__WORK REQUIRED__
When you reach the line containing "Contraste de color" in the entries below, start writing out each line exactly, and stop after the line containing "MYJKA CIŚNIENIOWA RIWALL".

__LISTED ENTRIES__
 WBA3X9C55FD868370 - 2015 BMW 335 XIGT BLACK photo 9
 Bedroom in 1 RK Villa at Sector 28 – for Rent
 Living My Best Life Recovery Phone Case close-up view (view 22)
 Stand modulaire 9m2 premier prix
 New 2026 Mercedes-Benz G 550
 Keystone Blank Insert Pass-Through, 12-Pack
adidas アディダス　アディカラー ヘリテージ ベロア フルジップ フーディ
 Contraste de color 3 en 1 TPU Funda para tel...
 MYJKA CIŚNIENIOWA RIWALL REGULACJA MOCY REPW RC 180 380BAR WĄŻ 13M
...
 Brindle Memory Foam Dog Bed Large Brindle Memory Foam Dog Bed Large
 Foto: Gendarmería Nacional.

__RESPONSE__
 Contraste de color 3 en 1 TPU Funda para tel...
 MYJKA CIŚNIENIOWA RIWALL REGULACJA MOCY REPW RC 180 380BAR WĄŻ 13M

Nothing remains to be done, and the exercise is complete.